I'll have to try them in the parking lot next time


----------



## Bolio 32 (Sep 25, 2012)

Be nice to Scott and Kyle at the lot this Sunday ... I'll be there ... Haven't been able to get to the south side the past few weeks ...


----------



## crispy (Feb 9, 2012)

Bolio 32 said:


> Be nice to Scott and Kyle at the lot this Sunday ... I'll be there ... Haven't been able to get to the south side the past few weeks ...


Scott was still waffling big time last night, so I have no confidence he'll actually show up. 

Bring your USGT. I heard a couple guys talking about running that class.


----------



## ThrottleKing (Feb 13, 2008)

crispy said:


> Scott was still waffling big time last night, so I have no confidence he'll actually show up.
> 
> Bring your USGT. I heard a couple guys talking about running that class.


I will have mine up there. I will bring the Slash too. Still on the fence about bringing the Xray.

Jeremiah


----------



## IndyHobbies.com (Dec 7, 2009)

crispy said:


> Scott was still waffling big time last night, so I have no confidence he'll actually show up.












Getting pulled in too many directions tomorrow. But at least I got to race last night. :thumbsup:


----------



## crispy (Feb 9, 2012)




----------



## j21moss (Apr 27, 2004)

I'll be there.. but not for sure if I run... might bring the Schumacher Camaro if I do for VTA.


----------



## IndyRC_Racer (Oct 11, 2004)

I will be there tomorrow for VTA. Should have another VTA racer pitting with me too.


----------



## jonesy112 (Jan 27, 2010)

crispy said:


>


This coming from the guy that's afraid to run 17.5 outside


----------



## IndyHobbies.com (Dec 7, 2009)

Sorry Gary I'm just wanting to do what Kyle wants to do tomorrow.
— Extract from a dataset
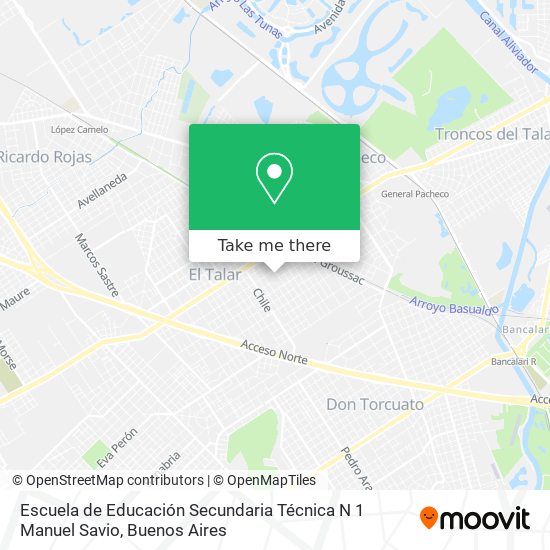 Escuela de Educación Secundaria Técnica N 1 Manuel Savio map
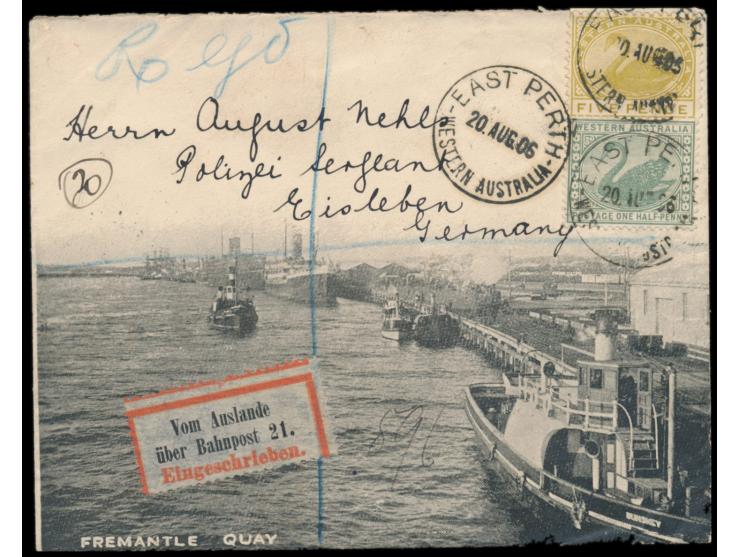 Westaustralien, &nbsp;1/2 d und 5 d. auf dekorativem &nbsp;Bildumschlag &nbsp;&quot;Fremantle Quay&quot; als Einschreiben nac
I think that's RC flying. We'll see what the day brings.


----------



## IndyRC_Racer (Oct 11, 2004)

Here are the Main results for parking lot racing at Hobbytown Indy North on Sunday July 20, 2014 (07/20/2014)

*SHORT COURSE TRUCK*
1-23 laps-8m15.459 (19.827) Gary Crispin (TQ)
2-22 laps-8m17.028 (20.169) Bob Cordell
3-19 laps-8m12.315 (21.638) Josh Keene
4-15 laps-8m08.705 (25.794) Dean Crispin
5-00 laps-8m99.999.............Jeremiah Ward (Exhibition 4wd Short Course)
6-DNS...............................Jake Beck
7-DNS...............................Bill Butcher

*VINTAGE TRANS AM* - Novak 25.5 Motors
1-29 laps-8m16.824 (16.243) Chris Monday
2-28 laps-8m09.482 (16.256) Dave Franklin (TQ)
3-28 laps-8m12.625 (16.814) Gary Crispin
4-27 laps-8m03.925 (16.436) Brian Smith
5-27 laps-8m03.930 (16.701) A J Heck
6-27 laps-8m12.063 (16.523) Bob Cordell
7-15 laps-4m35.790 (17.152) Cody Armes
8-08 laps-1m59.940 (18.253) Bruce Olson (DNF - motor slip/gearing)
9-00 laps-0m00.000 (17.800) Mike Monday (DNS - rear belt)

*USGT - *ROAR approved 21.5 motors
1-27 laps-7m01.588 (14.799) Jeremiah Ward (TQ)
2-25 laps-7m05.443 (15.655) Dave Franklin
3-23 laps-7m16.737 (17.652) Bruce Olson
4-06 laps-1m48.172 (15.378) Cody Armes (DNF - steering knuckle/screw)


----------



## FrankNitti (Jan 25, 2012)

thanks for posting the results Brian


----------



## ThrottleKing (Feb 13, 2008)

The "Ride" tires work very well on pavement. Just as last time I loved the pavement racing and came away sad that it was over too soon. 

I finally found out the issue with the 2wd Slash causing all the radio issues that were so intermittent that I couldn't get it to do it while trying to find the proble and it turned out to be the Traxxas servo shorting. 

So I ran the 4x4 Slash and man was it fun. The S1 stock tires are way too soft and caused alot of traction roll but the rip it had down the strait was awesome.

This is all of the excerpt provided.